Kendati demikian, keterbatasan yang dianugerahkan Tuhan tak pernah membuat semangat Kuswati surut.
Sudah lebih dari 10 tahun, dia mengikuti jejak ibunya untuk menjadi pengrajin bulu mata palsu di rumahnya.
“10 jam sehari, tujuh hari dalam seminggu saya bantu ibu ngidep,” kata gadis yang murah senyum ini.
Jangan menyinggung soal pendapatan, apalagi pemenuhan kebutuhan hidup layak di hadapan Kuswati.
Sebab, bagi buruh plasma seperti dirinya, penghasilan bukan dihitung dari jumlah kehadiran seperti pegawai pabrik, namun dari seberapa banyak utas bulu mata palsu yang dia sulam setiap harinya.
Dengan anugerah Tuhan yang dia sandang, dalam sehari Kuswati hanya mampu menyulam 20 pasang bulu mata palsu.
Lantas oleh pengepul, satu pasang bulu mata hanya dihargai Rp 200. Jika dihitung kasar, dalam sehari Kuswati kontan hanya mampu memperoleh Rp 4.000, atau Rp 120.000 per bulan.
“Ya lumayan, bisa buat bantu ibu nempur (membeli beras),” ujarnya tanpa sedikitpun raut sedih.
Secara kualitas, sebenarnya hasil pekerjaan Kuswati belum dapat diterima oleh pengepul.
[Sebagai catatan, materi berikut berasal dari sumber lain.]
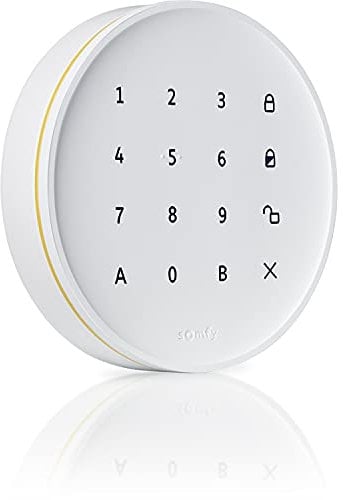 Somfy 1875257 - Codetaster für die Alarmanlage Somfy Protect | Schlichtes und elegantes Design in weiß | Einfache Installation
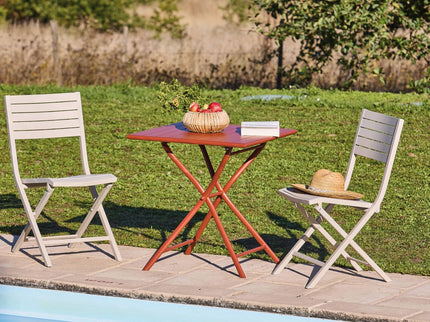 Gueridon de jardin pliant GLOBE 70 X 70 cm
Di sinilah Purwati (47), sang ibunda, bertugas menyempurnakan hasil pekerjaan Kuswati agar layak dijual.
Ingin bertemu Jodoh
Sejenak Kuswati menurunkan kakinya dari alat ngidep. Sembari mengeliatkan punggungnya diatas dipan, Kuswati menatap langit-langit yang penuh ramat.